PROVIDED DATA >>
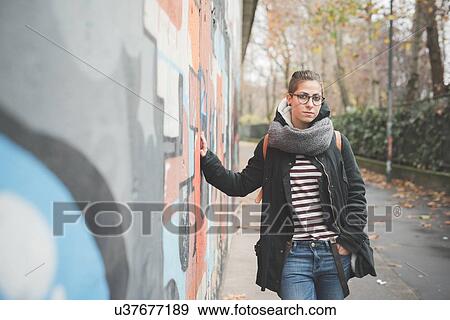Stock Photo - Teenager leaning against graffiti wall. Fotosearch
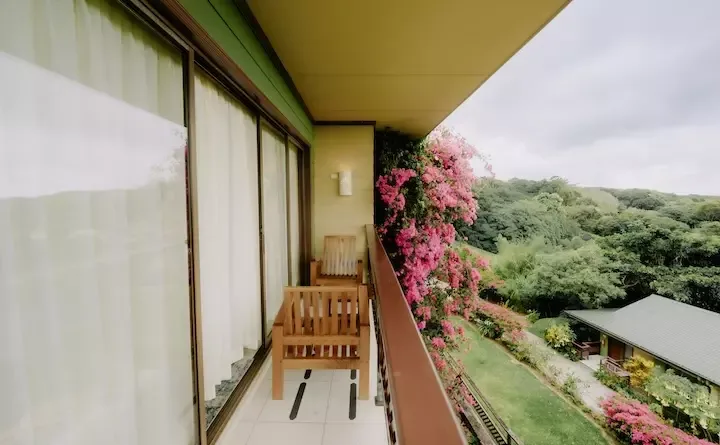Balcón de la habitación con cama king y vista a la montaña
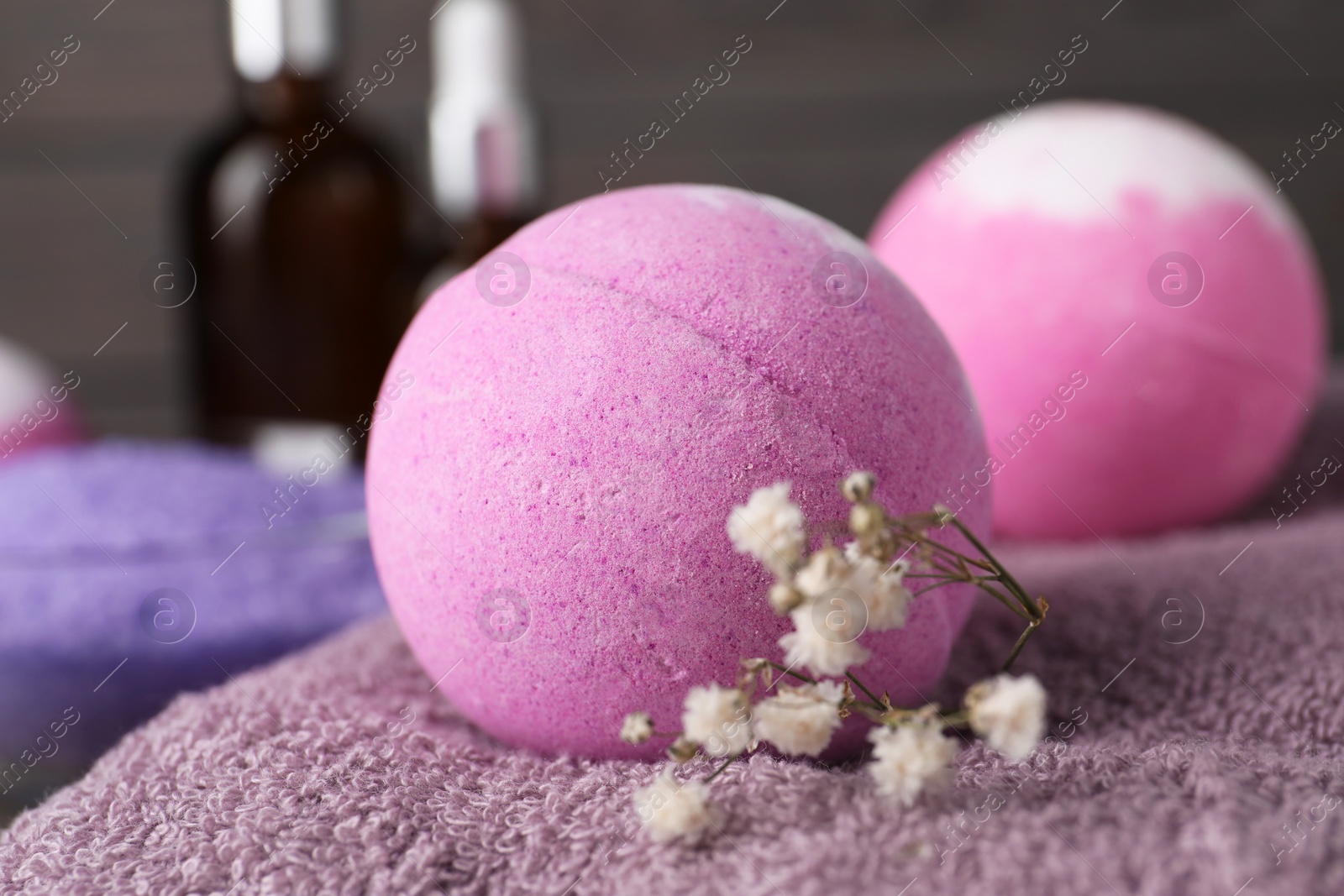 Photo of Beautiful aromatic bath bomb and gypsophila flowers on soft towel, closeup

TASK REQUIREMENTS >>
Make an exact copy of the listing. Do not carry over its pictures.

TASK ANSWER >>
Stock Photo - Teenager leaning against graffiti wall. Fotosearch
Balcón de la habitación con cama king y vista a la montaña
 Photo of Beautiful aromatic bath bomb and gypsophila flowers on soft towel, closeup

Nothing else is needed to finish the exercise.